Building Safety Together: How LGBTQ+ Communities Shaped Survivor Support
By: India Ambrose, Advancement Manager

Pride Is More Than Celebration

When many people think of Pride Month, they think of celebration. And it is. But Pride is also rooted in survival, resilience, and the belief that people deserve safety and dignity in their lives. At a time when LGBTQ+ people had few legal protections or access to affirming services, communities created their own systems of care. They showed up for each other in moments of crisis and built support where none existed. That history is not separate from survivor support; it is deeply woven into it.

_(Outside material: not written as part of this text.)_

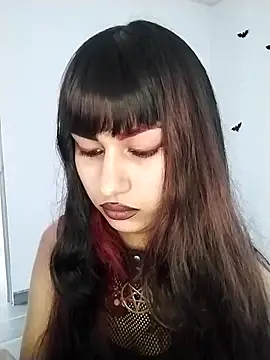 Snapshot of Little-Lucifer chatting on October 4, 6:39 pm Little-Lucifer online show from October 4, 6:39 pm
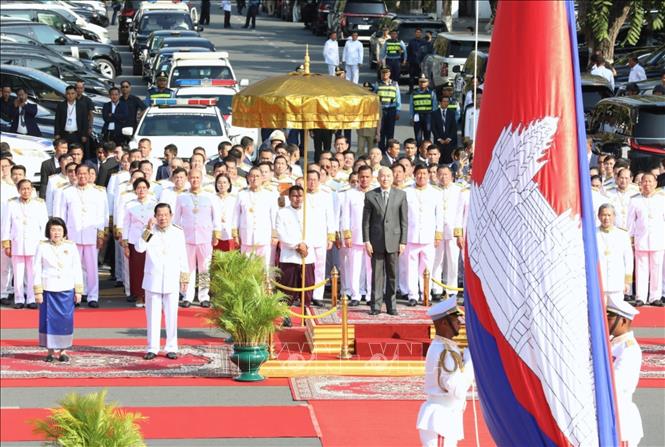 Quốc vương Norodom Sihamoni cùng các lãnh đạo, quan chức cấp cao Campuchia tại lễ thắp đuốc kỷ niệm 72 năm Quốc khánh 9/11 và ngày thành lập Quân đội Hoàng gia Campuchia. Ảnh: AKP/TTXVN phát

Building Safety When There Was No System

Marsha P. Johnson and Sylvia Rivera were part of that early work. Both experienced homelessness, discrimination, and violence throughout their lives. After the Stonewall uprising in 1969, they became leading voices in the fight for LGBTQ+ rights. In 1970, they co-founded Street Transvestite Action Revolutionaries, known as STAR, created to support unhoused transgender and gender-nonconforming youth who had nowhere else to turn. STAR provided housing and community at a time when very few formal services existed for LGBTQ+ people. What they built was simple but life-changing: a place where people could be safe and cared for. That idea still matters today. Healing often begins with safety and connection.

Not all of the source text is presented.